Ellen DeGeneres was one speaker at the vigil for Matthew Shepard
Ellen DeGeneres powerfully addressed the crowd as well that night. We found footage of the entire vigil on YouTube, but fast forward to the 14:30 mark to specifically hear DeGeneres’ important words that still resonate deeply today.
“I am so pissed off,” DeGeneres begins with tears in her eyes. “I can’t stop crying.”
“I know we all feel the same way, and I’m here, and he’s got these two close friends here, and I don’t even know him and I’m thinking this is just really selfish of me,” DeGeneres says. “It just hit me why I am so devastated by it. Because this is what I was trying to stop. This is exactly why I did what I did.”
Referring to her historic coming out on television, DeGeneres pointed out that it angered thousands of people and those same people were silent in the wake of Shepard’s death.
“You see them come out in forces when they think a lesbian is gonna be on television. The preachers come out then,” she says. “But, you know, something like this happens, and where are they?”
“This world we live in today is filled with hate and darkness,” she continues. “Matthew Shepard was not the first hate crime. It happens every day. There are 2,500 reported this year. Many go unreported because most gays and lesbians are still in the closet for fear of this exact reason.”
Next, she makes parallels between the epidemics of homophobia and racism in America. She also specifically points blame at the church, which she says justifies its hate with the Bible.
“When three white men dragged James Byrd Jr. behind their truck and killed him just because he was black, I felt the same way,” DeGeneres says. “I don’t see full-page ads saying ‘Stop the hate. Stop the violence.’ These same evil, idiotic, so-called God-loving people who use the Bible to justify their hate, I’m sure they still feel deep down that blacks aren’t equal to whites because the Bible was also used to justify slavery.”

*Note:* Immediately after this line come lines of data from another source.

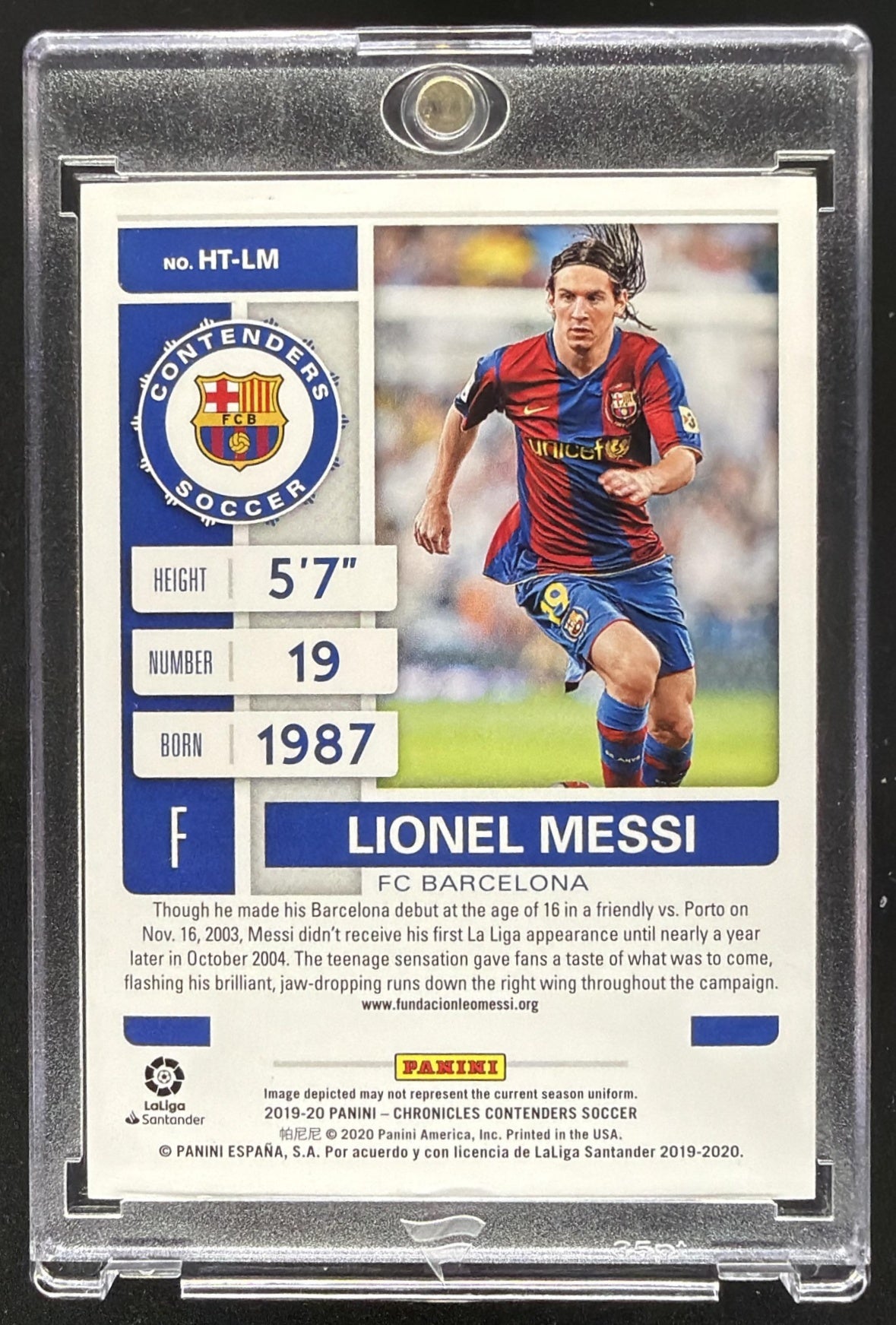 2019-20 Panini Contenders Lionel Messi Historic Ticket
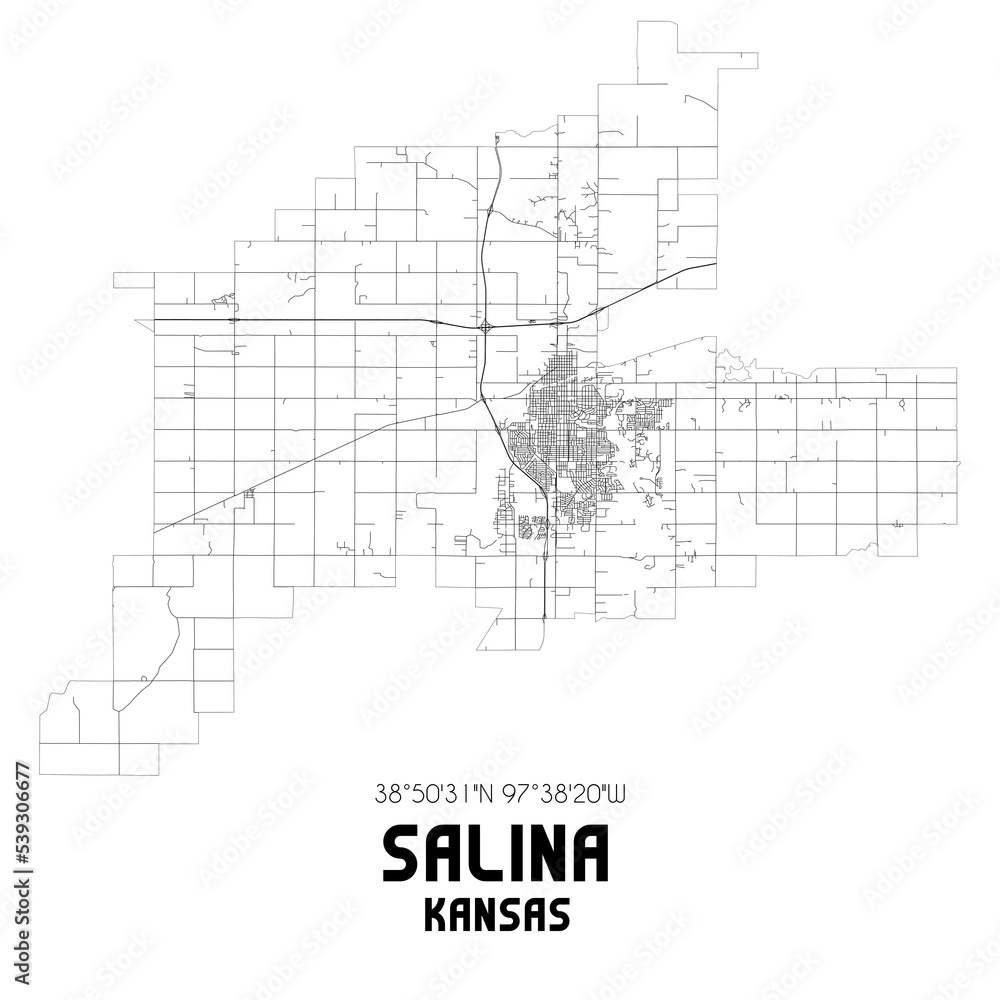 Salina Kansas. US street map with black and white lines. Stock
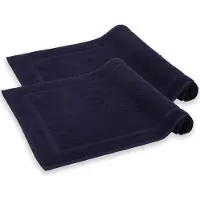 Komfortec Badmat Set - 2 stuks - Handdoek Dikte - Hotelkwaliteit - 50x80 cm - 100% Katoen - Zachte en Absorberende Douchemat/Handdoek - Marineblauw
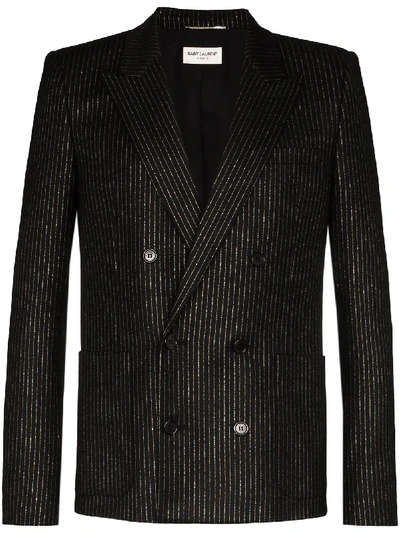 Shop Saint Laurent Metallic Pinstripe Double-breasted Blazer In Black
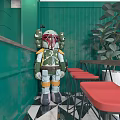 Stylish Green Cafe Interior With Black White Checkered Floor Blue Chairs Red Arch And Green Plants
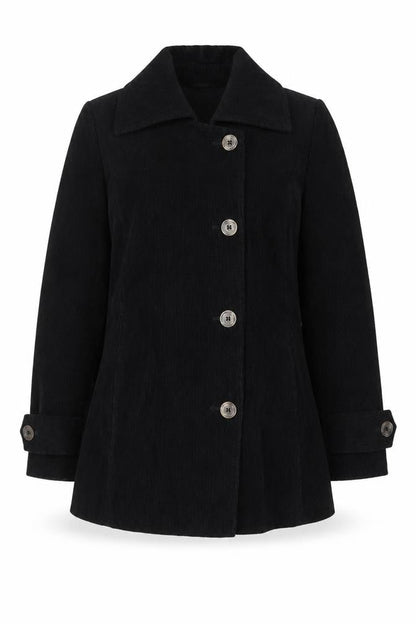 Per Una Women’s Black UK 12 Corduroy Pea Coat Buttoned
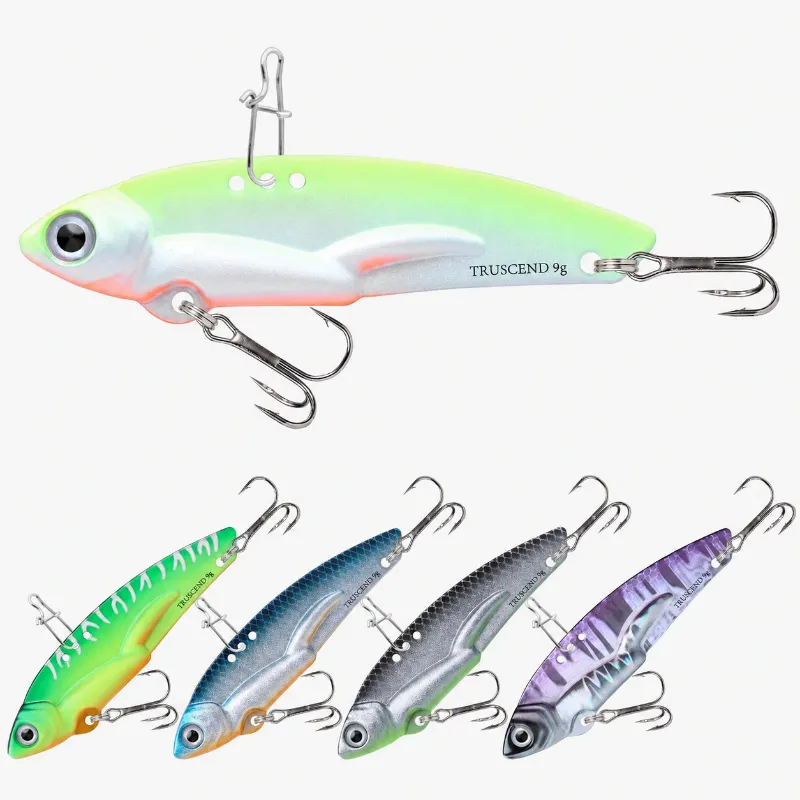 Truscend Fishing Blade Bait Vibe Lure Metal Fishing Lure with reflective metallic coating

“It took one white man, Abraham Lincoln, to free the slaves. He wasn’t very popular for doing it, but he knew it was the right thing to do,” she says. “When Hitler was killing all the Jews, the church was silent. They did nothing. It was a few good Germans who helped hide the Jews. Right now, homosexuals are the target of it: the very last discrimination, the very worst hate and violence.”
Her powerful words ring true today
DeGeneres ends her speech with a plea to straight people listening to help and not hurt the LGBT community’s quest for equality.
“So I’m begging heterosexuals to see this as a wake-up call to help us end the hate,” she says. “Please raise your children with love and non-judgment. Tell them that everyone has the right to love who they want to love, and that shouldn’t threaten you or who you are. Explain that it’s not OK to call someone a ‘faggot’ or a ‘nigger’ or a ‘kike.’ We shouldn’t be asked to change who we are. The millions of dollars that the religious right spends on print ads and TV ads could be spent on helping to change the homeless or help change men who abuse women.”
“Matthew Shepard wasn’t hurting anyone,” she continues. “He was a good person, a gentle soul who was tortured to death. He’s with God now, who I’m sureis crying. My torture goes on every time I think of what those boys did to him just because he was gay. This is a war. We need your help. Please search your hearts, think for yourselves and be on the right side: the side of love and compassion.”
This Ellen is angry, and we think the world needs Angry Ellen just as much today as it did 21 years ago.